Preliminary protective steps for Insolvency Practitioners
An Insolvency Practitioner may be in office without knowing or suspecting that a SIP 9 avoidance scheme exists and may unwittingly be playing a part in it. To protect against such a possibility, the IPA recommends that, in addition to complying with their duties under SIP 9 and the Insolvency Practitioner Code of Ethics, Insolvency Practitioners should take the following preliminary steps:
- Seek written confirmation from the board of directors of the Insolvency Practitioner’s firm (or equivalent), persons with significant control and beneficial owners;
- that neither they nor the firm is involved (directly or indirectly) in any fee-sharing agreement or other arrangement with the service providers used in relation to insolvency appointments; and
- of any financial, business or personal relationship (directly or indirectly) with the service providers used in relation to insolvency appointments.
- Seek written confirmation from the service providers used by the Insolvency Practitioner or their firm in relation to insolvency appointments;
- that they are not involved (directly or indirectly) in any fee-sharing agreement or other arrangement with the Insolvency Practitioner’s firm, its directors, its persons with significant control and/or beneficial owners; and
- of any direct or indirect financial, business or personal relationship with the Insolvency Practitioner’s firm, its directors, its persons with significant control and/or beneficial owners and/or group or connected companies.

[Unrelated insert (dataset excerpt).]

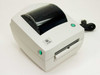 Zebra LP 2844 direct thermal label printer – front and right side view showing green status indicator, label exit slot, and power cord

The Insolvency Practitioner may need to make further enquiries depending on the responses received, and the absence of a satisfactory response may cause suspicion.
Where any relationships are disclosed, the Insolvency Practitioner will need to ensure that any associated payments are treated in line with SIP 9.
Insolvency Practitioners are reminded that SIP 1 (October 2015) paragraph 4 requires Insolvency Practitioners who become aware of any Insolvency Practitioner who they consider is not complying or who has not complied with the relevant laws and regulations and whose actions discredit the profession should report that Insolvency Practitioner to the Complaints Gateway operated by the Insolvency Service or to that Insolvency Practitioner’s Recognised Professional Body (RPB). Whistleblowing reports may be made to the IPA at [email protected]
Insolvency Practitioners are also reminded of their Anti-Money Laundering (AML) duties.
Investigation and disciplinary action
The IPA will work in conjunction with Insolvency Practitioners and other regulatory bodies to investigate schemes which involve mis-categorisation of expenses, undisclosed fee sharing or secret commissions or are otherwise contrary to the public interest. Where appropriate, the IPA may commence disciplinary proceedings against Insolvency Practitioners involved in such schemes.